For enhanced safety, the front and second-row seat shoulder belts of the Hyundai Ioniq 9 have pretensioners to tighten the seatbelts and eliminate dangerous slack in the event of a collision and force limiters to limit the pressure the belts will exert on the passengers. The Jeep Wagoneer doesn’t offer pretensioners for its second-row seat belts.
Both the Ioniq 9 and Wagoneer have rear cross-traffic warning, but the Ioniq 9 has Rear Cross-Traffic Collision-Avoidance Assist (automatically applies the brakes) to better prevent a collision when backing near traffic. The Wagoneer’s Rear Cross Path Detection doesn’t automatically brake.
For better protection of the passenger compartment, the Ioniq 9 uses safety cell construction with a three-dimensional high-strength frame that surrounds the passenger compartment. It provides extra impact protection and a sturdy mounting location for door hardware and side impact beams. The Wagoneer uses a body-on-frame design, which has no frame members above the floor of the vehicle.

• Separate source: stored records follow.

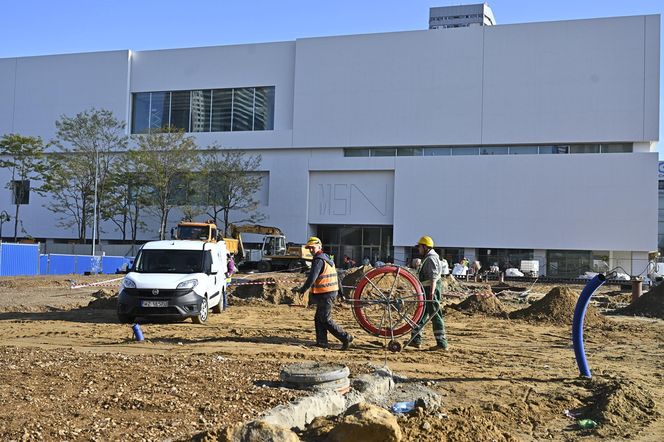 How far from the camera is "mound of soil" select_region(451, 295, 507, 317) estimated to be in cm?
1800

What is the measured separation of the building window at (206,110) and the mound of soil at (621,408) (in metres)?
48.7

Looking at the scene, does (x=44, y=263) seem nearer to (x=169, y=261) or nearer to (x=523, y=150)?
(x=169, y=261)

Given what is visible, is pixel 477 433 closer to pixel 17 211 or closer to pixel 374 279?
pixel 374 279

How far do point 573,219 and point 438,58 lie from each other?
15.8m

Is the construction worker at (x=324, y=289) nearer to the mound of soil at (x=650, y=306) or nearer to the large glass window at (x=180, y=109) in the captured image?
the mound of soil at (x=650, y=306)

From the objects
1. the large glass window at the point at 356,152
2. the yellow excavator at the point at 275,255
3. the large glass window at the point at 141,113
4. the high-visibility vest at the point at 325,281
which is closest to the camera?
the high-visibility vest at the point at 325,281

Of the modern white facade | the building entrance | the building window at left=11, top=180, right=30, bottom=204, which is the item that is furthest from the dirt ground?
the building window at left=11, top=180, right=30, bottom=204

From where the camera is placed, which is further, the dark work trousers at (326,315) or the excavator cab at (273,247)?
the excavator cab at (273,247)

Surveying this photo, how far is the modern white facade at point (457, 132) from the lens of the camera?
45.9 meters

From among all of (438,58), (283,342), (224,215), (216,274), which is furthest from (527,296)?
(224,215)

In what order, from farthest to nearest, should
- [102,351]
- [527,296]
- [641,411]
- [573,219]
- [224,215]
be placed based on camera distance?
[224,215], [573,219], [527,296], [102,351], [641,411]

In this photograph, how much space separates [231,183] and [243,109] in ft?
22.7

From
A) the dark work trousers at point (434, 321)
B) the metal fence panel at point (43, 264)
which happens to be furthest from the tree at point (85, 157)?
the dark work trousers at point (434, 321)

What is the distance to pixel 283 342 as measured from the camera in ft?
37.3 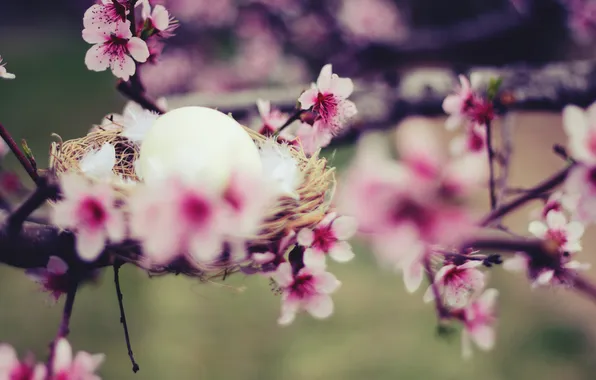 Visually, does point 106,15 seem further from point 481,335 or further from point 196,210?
point 481,335

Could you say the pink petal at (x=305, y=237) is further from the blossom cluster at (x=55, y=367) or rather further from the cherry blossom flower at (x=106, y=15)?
the cherry blossom flower at (x=106, y=15)

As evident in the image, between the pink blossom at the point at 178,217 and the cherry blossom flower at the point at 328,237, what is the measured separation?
0.24 metres

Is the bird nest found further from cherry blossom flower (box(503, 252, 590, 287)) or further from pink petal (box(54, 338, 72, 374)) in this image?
cherry blossom flower (box(503, 252, 590, 287))

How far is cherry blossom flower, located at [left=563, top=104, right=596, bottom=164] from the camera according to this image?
0.62m

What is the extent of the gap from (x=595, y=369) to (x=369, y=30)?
2.75m

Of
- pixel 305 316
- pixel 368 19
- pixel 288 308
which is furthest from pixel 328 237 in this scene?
pixel 368 19

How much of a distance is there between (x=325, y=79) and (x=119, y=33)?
1.27ft

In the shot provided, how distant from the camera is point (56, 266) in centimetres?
86

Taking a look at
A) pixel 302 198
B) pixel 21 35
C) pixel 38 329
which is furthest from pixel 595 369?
pixel 21 35

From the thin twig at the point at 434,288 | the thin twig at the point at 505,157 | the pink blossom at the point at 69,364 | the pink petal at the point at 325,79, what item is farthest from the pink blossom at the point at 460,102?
the pink blossom at the point at 69,364

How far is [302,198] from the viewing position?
109 centimetres

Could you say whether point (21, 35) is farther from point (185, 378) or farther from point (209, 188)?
point (209, 188)

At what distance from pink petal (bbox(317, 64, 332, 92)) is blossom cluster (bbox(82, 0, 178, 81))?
0.31 meters

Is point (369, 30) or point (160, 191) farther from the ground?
point (160, 191)
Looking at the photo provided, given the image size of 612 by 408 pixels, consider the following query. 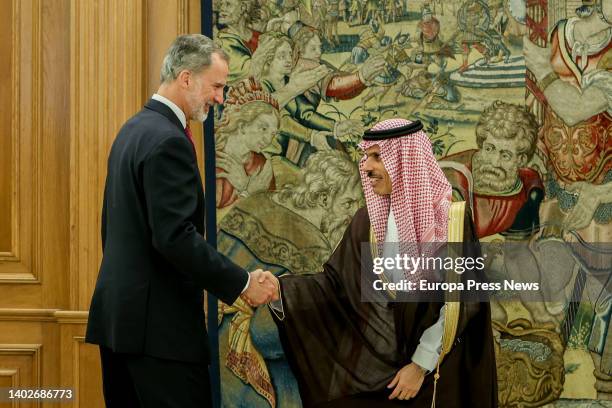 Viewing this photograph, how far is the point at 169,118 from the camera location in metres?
3.12

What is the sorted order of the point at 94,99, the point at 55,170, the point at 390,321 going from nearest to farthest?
1. the point at 390,321
2. the point at 94,99
3. the point at 55,170

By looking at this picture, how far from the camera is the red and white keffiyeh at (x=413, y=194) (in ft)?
11.0

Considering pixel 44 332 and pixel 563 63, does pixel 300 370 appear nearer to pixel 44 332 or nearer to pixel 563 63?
pixel 44 332

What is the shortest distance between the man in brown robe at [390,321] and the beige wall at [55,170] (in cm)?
114

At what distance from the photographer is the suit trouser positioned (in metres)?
2.96

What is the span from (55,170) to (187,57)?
1.31 metres

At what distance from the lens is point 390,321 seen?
3.50 m

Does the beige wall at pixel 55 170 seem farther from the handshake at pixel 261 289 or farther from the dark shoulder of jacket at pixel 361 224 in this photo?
the dark shoulder of jacket at pixel 361 224

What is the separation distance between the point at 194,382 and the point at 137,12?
1.89 meters

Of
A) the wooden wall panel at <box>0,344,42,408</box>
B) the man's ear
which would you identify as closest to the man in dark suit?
the man's ear

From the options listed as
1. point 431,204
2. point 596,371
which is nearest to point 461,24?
point 431,204

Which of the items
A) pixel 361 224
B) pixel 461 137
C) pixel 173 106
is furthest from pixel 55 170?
pixel 461 137

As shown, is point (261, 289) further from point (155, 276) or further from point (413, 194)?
point (413, 194)

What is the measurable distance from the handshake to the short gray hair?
862 millimetres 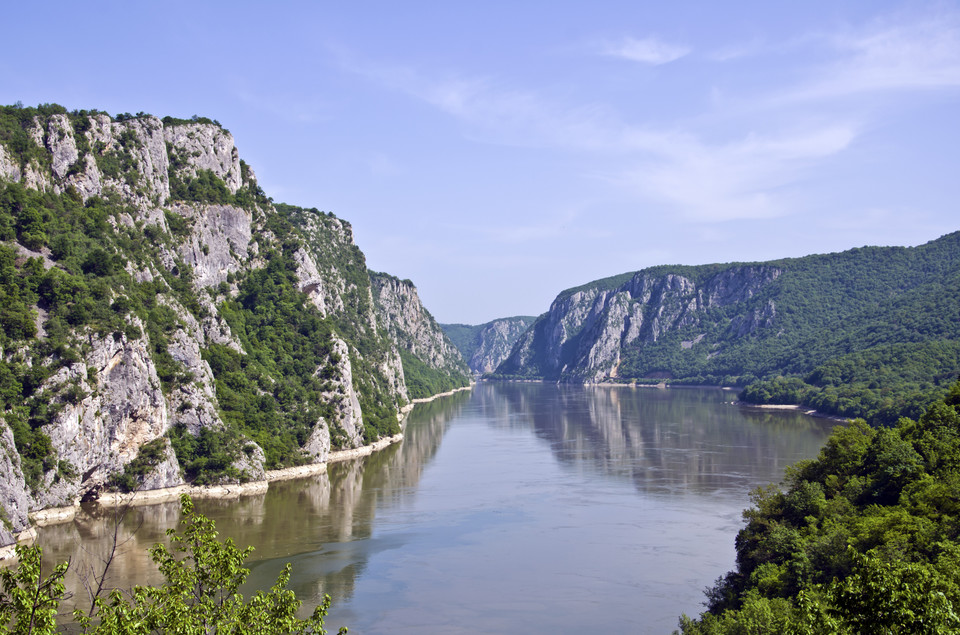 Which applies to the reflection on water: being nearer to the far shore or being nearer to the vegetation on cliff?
the far shore

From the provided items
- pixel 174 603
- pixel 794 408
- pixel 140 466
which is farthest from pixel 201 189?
pixel 794 408

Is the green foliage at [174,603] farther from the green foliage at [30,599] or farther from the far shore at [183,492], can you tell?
the far shore at [183,492]

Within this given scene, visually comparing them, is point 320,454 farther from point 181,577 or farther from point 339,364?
point 181,577

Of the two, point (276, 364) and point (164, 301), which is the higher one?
point (164, 301)

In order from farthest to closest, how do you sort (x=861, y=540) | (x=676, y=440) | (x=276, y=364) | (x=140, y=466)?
(x=676, y=440) < (x=276, y=364) < (x=140, y=466) < (x=861, y=540)

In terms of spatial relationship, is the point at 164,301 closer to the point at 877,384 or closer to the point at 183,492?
the point at 183,492

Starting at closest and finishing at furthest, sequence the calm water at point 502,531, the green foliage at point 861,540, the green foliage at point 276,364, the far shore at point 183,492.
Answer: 1. the green foliage at point 861,540
2. the calm water at point 502,531
3. the far shore at point 183,492
4. the green foliage at point 276,364

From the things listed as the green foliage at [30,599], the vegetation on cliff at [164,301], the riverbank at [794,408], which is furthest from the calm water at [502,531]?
the riverbank at [794,408] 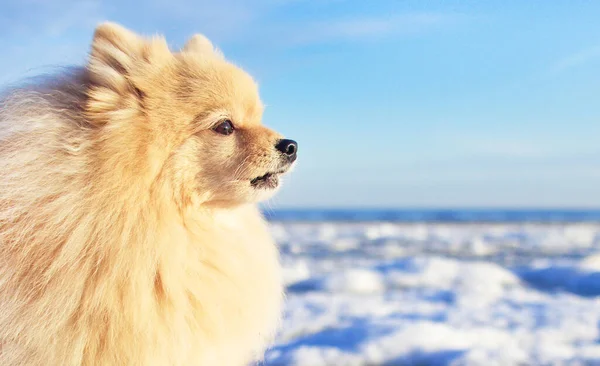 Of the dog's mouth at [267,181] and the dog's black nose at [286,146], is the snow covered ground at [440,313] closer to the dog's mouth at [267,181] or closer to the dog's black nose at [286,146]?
the dog's mouth at [267,181]

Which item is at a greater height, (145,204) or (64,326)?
(145,204)

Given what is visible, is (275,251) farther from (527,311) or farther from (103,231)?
(527,311)

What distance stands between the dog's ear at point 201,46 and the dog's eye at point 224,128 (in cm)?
53

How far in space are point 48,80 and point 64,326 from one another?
3.83 feet

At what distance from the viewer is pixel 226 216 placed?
2.92 metres

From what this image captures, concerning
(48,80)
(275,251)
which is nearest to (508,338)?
(275,251)

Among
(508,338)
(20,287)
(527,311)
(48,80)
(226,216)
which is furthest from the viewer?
(527,311)

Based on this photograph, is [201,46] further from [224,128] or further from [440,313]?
[440,313]

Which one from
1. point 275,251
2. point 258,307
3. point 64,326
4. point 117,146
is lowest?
point 64,326

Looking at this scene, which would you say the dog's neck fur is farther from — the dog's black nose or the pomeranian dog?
the dog's black nose

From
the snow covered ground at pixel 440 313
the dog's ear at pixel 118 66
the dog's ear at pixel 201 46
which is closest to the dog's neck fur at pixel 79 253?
the dog's ear at pixel 118 66

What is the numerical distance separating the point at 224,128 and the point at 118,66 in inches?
22.2

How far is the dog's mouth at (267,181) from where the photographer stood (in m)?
2.80

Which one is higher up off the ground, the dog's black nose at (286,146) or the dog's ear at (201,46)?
the dog's ear at (201,46) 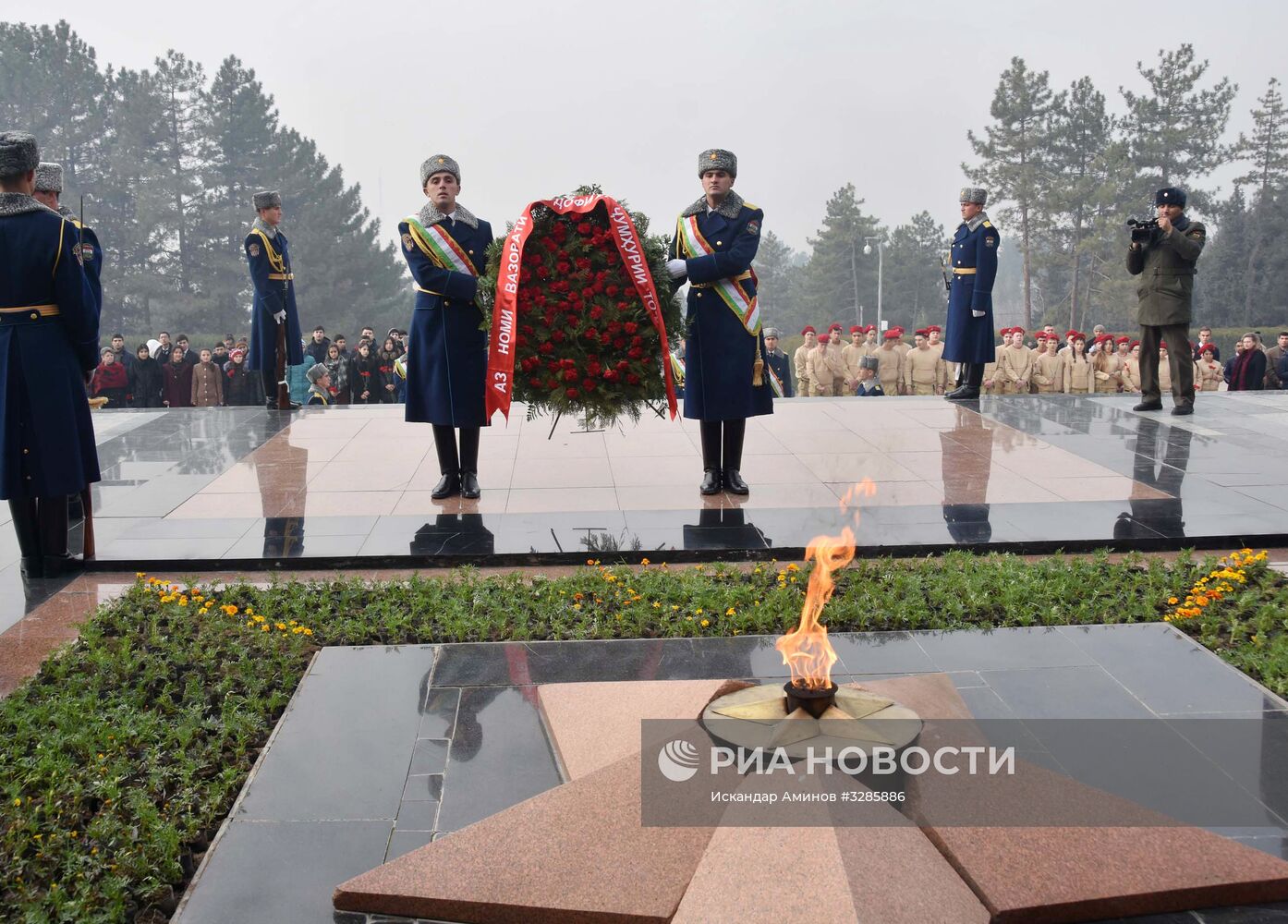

Both the Ioniq 9 and the Wagoneer have standard driver and passenger frontal airbags, front side-impact airbags, driver and front passenger knee airbags, side-impact head airbags, height adjustable front shoulder belts, four-wheel antilock brakes, traction control, electronic stability systems to prevent skidding, crash mitigating brakes, daytime running lights, lane departure warning systems, blind spot warning systems, rearview cameras, rear cross-path warning and available around view monitors.